Meu querido e adoravel Sonho

Malyzinha querida

Aproveito uma aberta de serviço (que hoje é calmo) para escrever à Malyzinha a estas horas dormindo o melhor dos seus sonos.

Estarás sonhando com o Teu Jaly?

Olha, ele está pensando em Ti como sempre.

Deu-se aqui um caso que merece relato por nos interessar, mas é um pouco longo e amanhã (isto é, hoje) contarei pelo altofalante. É curioso sob mais do que um aspecto.

Já censurei, isto é li, a tua Eva e as Modas e Bordados e parece-me que estas últimas estão melhores que as primeiras.

Comprarei as duas coisas.

De Hespanha até agora não vieram mais notícias dizem que estão cortadas as comunicações. Houve aqui uma grande questão (só palavras, entenda-se) por causa do significado de “garçoniére”;  contarei o caso que tem a sua graça. Se eu me esquecer lembra-me os dois casos: Tomar e garçoniére.

Tantos beijos te dava se te visse deitada com os olhos fechados em tranquilo repouso! Beijos loucos do teu só teu pª sempre Jaly.


Este pequeno cartão faz parte de um conjunto de mais de uma centena de cartas românticas enviadas por um militar de alta patente à sua namorada, por volta de 1931 Pela correspondência percebe-se que ambos vivem no mesmo prédio, embora cada um com a sua família, sendo ele viúvo. Era um namoro secreto.
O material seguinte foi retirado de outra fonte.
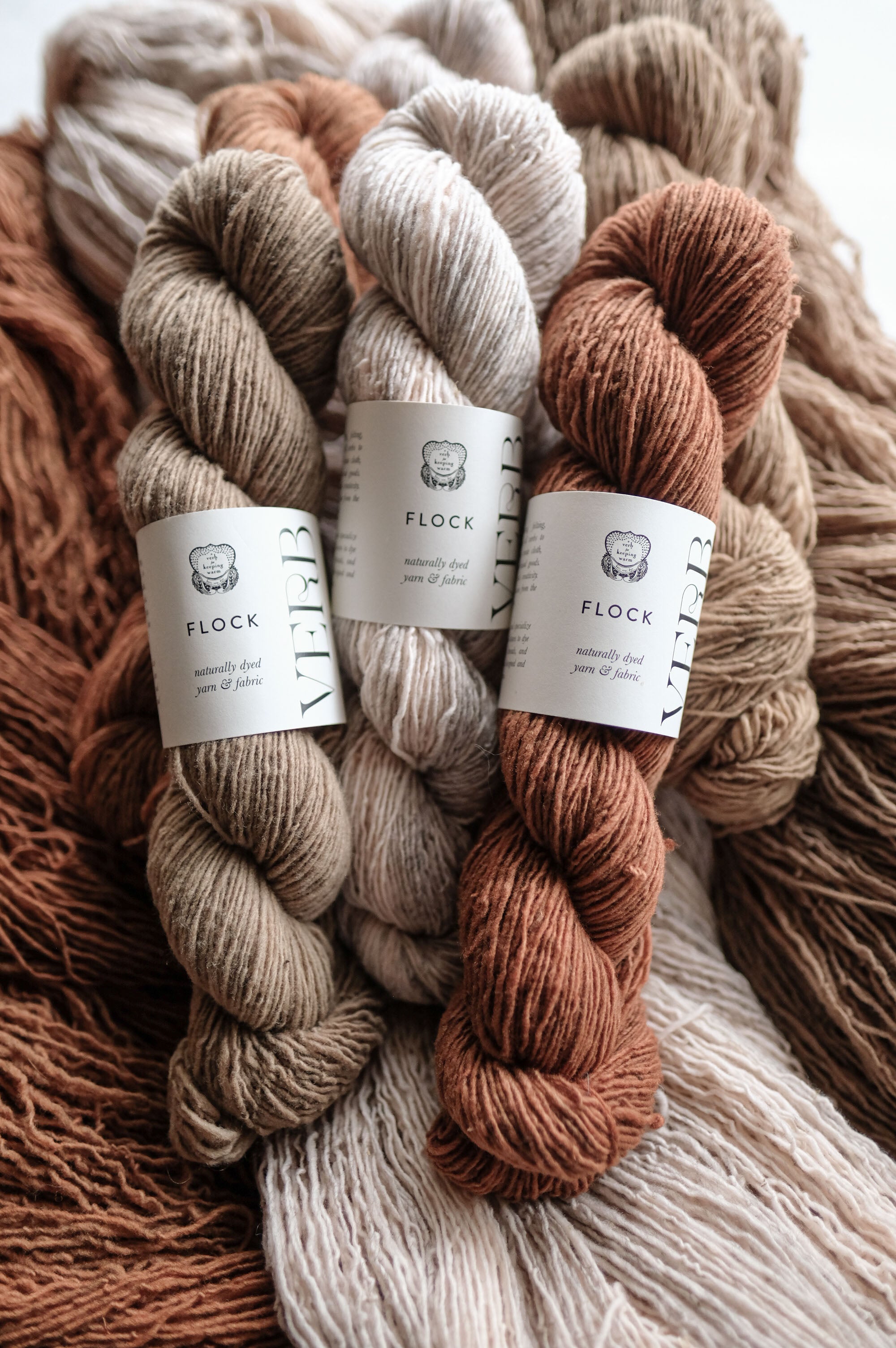 AVFKW x Florence Spurling - Elodie Shawl Bundle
A correspondência é entregue em mão, de forma discreta, ao que tudo indica, por uma criada ou por um impedido.

Este espólio contém ainda muita outra documentação, entre a qual largas centenas de cartas que os soldados que cumpriram serviço militar sob a liderança daquele oficial, espalhados por todo o País, escreviam regularmente ao seu antigo superior, contado  as suas vidas, e que se encontram todas organizados por remetente, com uma capa de cartão com o seu número, estando as respectivas cartas furadas e presas com um cordel, constituindo assim cadernos.

Entre as  várias funções que o remetente do nosso cartão desempenhou, destacamos esta, a de Coronel da censura, cujo cartão timbrado usou para, nas horas vagas do serviço, escrever à sua amada a quem, aliás, contava muito sobre a sua função confidencial.

A curiosidade deste cartão é precisamente a de, tendo o timbre da censura, testemunhar um amor censurado.